__Problem to solve__: Only the lines from the top of the listing below to the line that has "Image result for Ficalhoa laurifolia" should be echoed, with both ends kept and pictures left out.

### Provided records

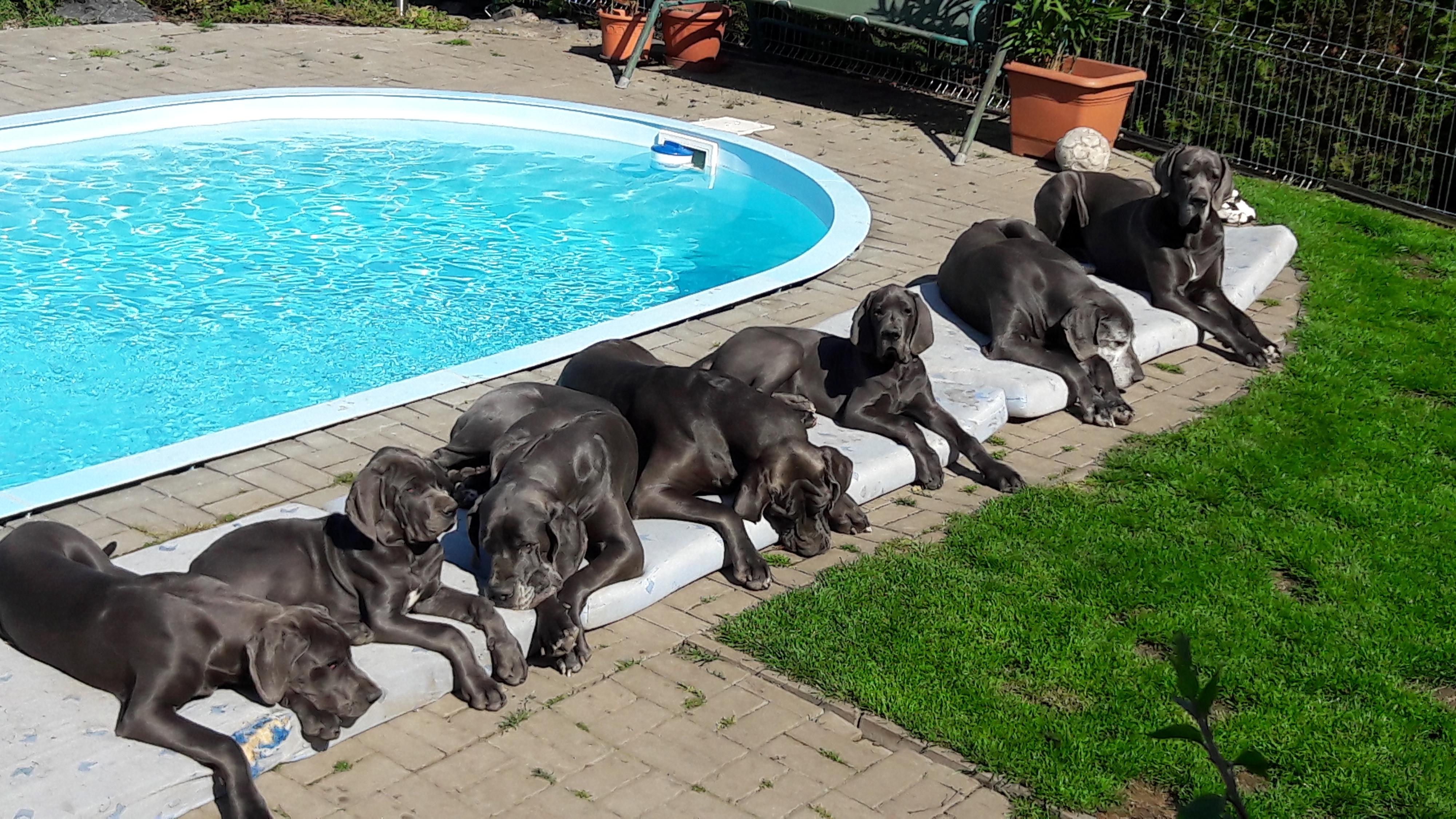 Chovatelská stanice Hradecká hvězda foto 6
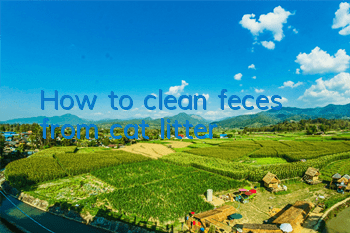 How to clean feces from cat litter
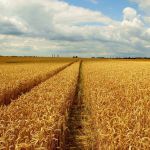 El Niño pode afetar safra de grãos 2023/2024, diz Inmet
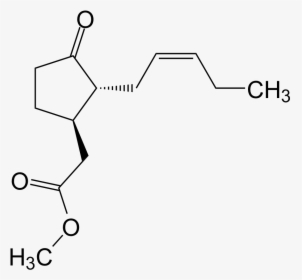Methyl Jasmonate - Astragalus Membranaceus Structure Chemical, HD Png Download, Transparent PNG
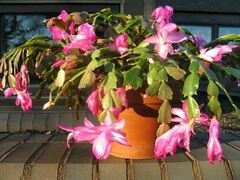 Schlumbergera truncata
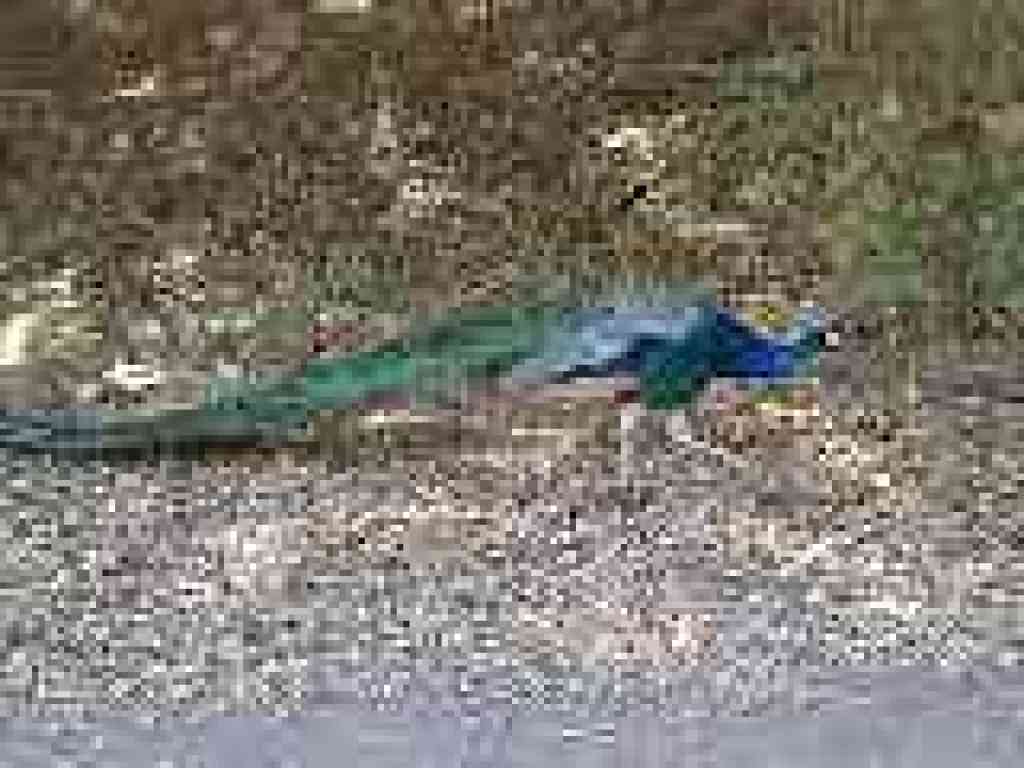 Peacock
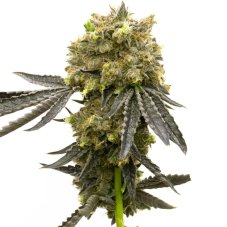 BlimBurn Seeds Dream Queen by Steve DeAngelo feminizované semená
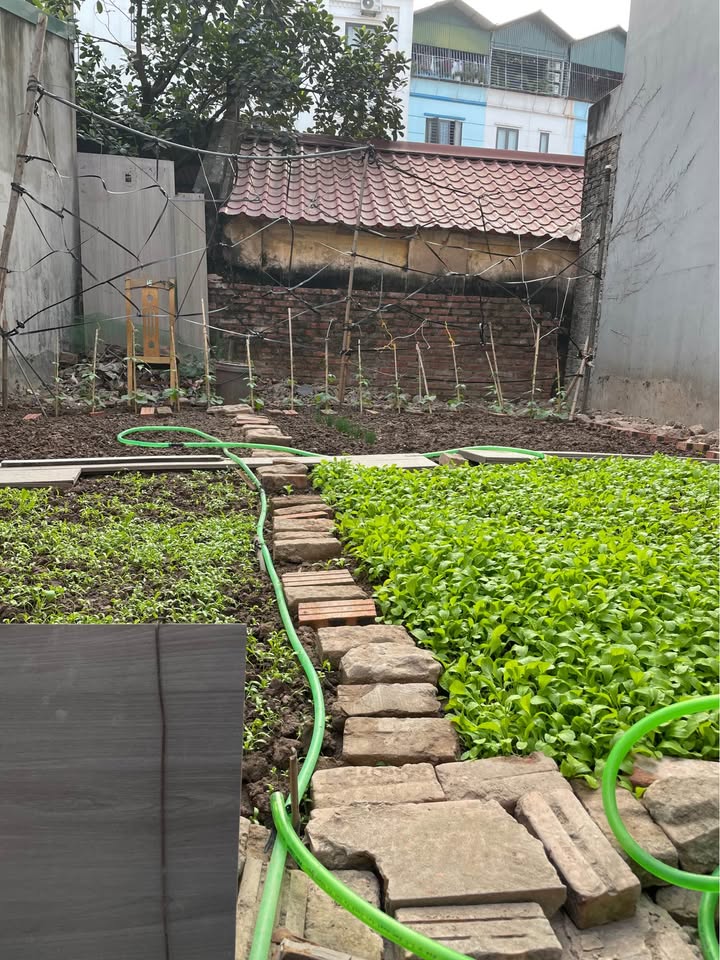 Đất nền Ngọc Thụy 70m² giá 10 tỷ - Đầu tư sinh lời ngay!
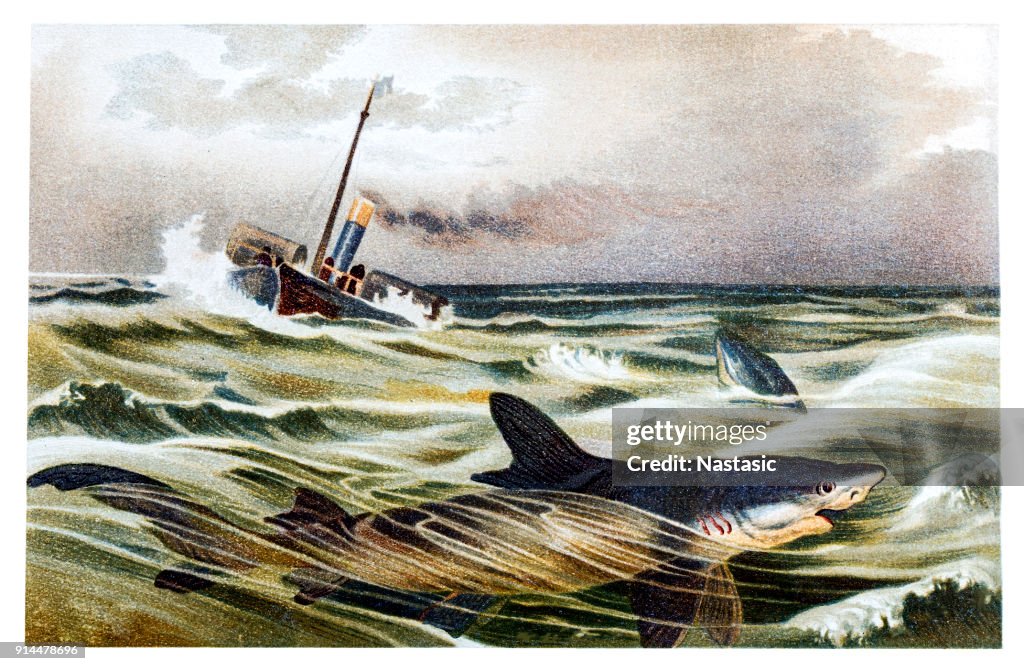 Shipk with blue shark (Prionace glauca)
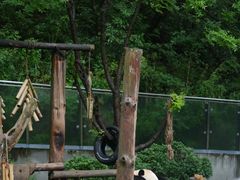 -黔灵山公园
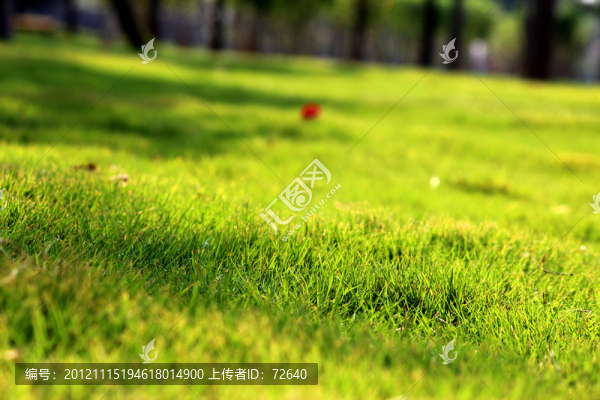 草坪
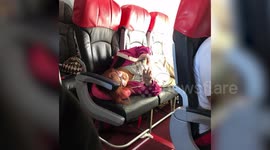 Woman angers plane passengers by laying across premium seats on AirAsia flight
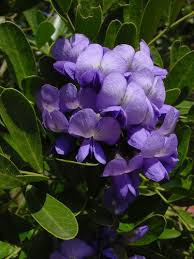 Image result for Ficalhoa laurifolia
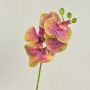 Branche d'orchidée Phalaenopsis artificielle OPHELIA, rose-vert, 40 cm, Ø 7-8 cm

######

__Reply to the task__:
 Chovatelská stanice Hradecká hvězda foto 6
 How to clean feces from cat litter
 El Niño pode afetar safra de grãos 2023/2024, diz Inmet
Methyl Jasmonate - Astragalus Membranaceus Structure Chemical, HD Png Download, Transparent PNG
 Schlumbergera truncata
 Peacock
 BlimBurn Seeds Dream Queen by Steve DeAngelo feminizované semená
 Đất nền Ngọc Thụy 70m² giá 10 tỷ - Đầu tư sinh lời ngay!
 Shipk with blue shark (Prionace glauca)
 -黔灵山公园
 草坪
 Woman angers plane passengers by laying across premium seats on AirAsia flight
 Image result for Ficalhoa laurifolia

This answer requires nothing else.